Sin embargo, hay otro amor, el del Padre "que está en los cielos". Nadie debe dudar que es destinatario de este amor. Nos ama. "Me ama", podemos decir. Si incluso nuestro padre y nuestra madre no nos hubieran amado, -es una hipótesis histórica- hay un Dios en el cielo que nos ama como nadie en la tierra nunca lo ha hecho ni lo podrá hacer.
El amor de Dios es constante. El profeta Isaías dice: "¿Acaso olvida una mujer a su niño de pecho, sin compadecerse del hijo de sus entrañas? Pues aunque esas llegasen a olvidar yo no te olvido. Míralo, en las palmas de mis manos te tengo tatuada "(49: 15-16). Hoy están de moda los tatuajes: "En las palmas de mis manos te tengo tatuada". Me he hecho un tatuaje tuyo en las manos. Yo estoy en las manos de Dios, así, y no puedo borrarlo. El amor de Dios es como el amor de una madre que nunca se puede olvidar. ¿Y si una madre se olvidase? "Yo no me olvidaré", dice el Señor. Este es el amor perfecto de Dios, así nos ama. Si todos nuestros amores terrenales se desmoronasen, y no quedase nada más que polvo, siempre queda para todos nosotros, ardiente, el amor único y fiel de Dios.

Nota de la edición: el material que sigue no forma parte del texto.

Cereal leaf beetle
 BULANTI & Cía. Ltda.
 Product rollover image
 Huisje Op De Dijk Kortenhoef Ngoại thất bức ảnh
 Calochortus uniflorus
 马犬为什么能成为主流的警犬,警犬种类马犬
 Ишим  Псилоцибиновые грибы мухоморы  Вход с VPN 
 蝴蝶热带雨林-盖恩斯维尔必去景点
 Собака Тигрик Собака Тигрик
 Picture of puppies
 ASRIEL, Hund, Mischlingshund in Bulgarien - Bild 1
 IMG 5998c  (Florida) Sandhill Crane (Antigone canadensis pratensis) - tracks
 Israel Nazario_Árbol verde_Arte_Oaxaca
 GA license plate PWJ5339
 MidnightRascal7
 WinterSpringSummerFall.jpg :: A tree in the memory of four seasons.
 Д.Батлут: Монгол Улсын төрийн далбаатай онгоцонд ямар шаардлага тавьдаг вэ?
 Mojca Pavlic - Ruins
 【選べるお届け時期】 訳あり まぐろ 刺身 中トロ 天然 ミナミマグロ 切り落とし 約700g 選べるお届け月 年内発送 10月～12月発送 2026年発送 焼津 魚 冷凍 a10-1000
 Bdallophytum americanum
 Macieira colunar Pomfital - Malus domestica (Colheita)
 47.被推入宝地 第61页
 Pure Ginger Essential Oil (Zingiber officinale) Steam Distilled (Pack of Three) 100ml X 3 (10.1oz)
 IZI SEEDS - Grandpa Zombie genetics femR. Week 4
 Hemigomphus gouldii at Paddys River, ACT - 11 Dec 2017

En el hambre de amor que todos sentimos, no buscamos algo que no existe: es, en cambio, la invitación a conocer a Dios que es padre. La conversión de San Agustín, por ejemplo, pasó por esa cima: el joven y brillante retórico buscaba sencillamente entre las criaturas algo que ninguna criatura podría darle, hasta que un día tuvo el coraje de mirar hacia arriba. Y ese día conoció a Dios. A Dios que ama.
La frase "en los cielos" no quiere expresar una distancia, sino una diferencia radical de amor, otra dimensión de amor, un amor incansable, un amor que permanecerá siempre, todavía más, que está al alcance de la mano. Solo hace falta decir: "Padre nuestro que estás en los cielos" y ese amor viene.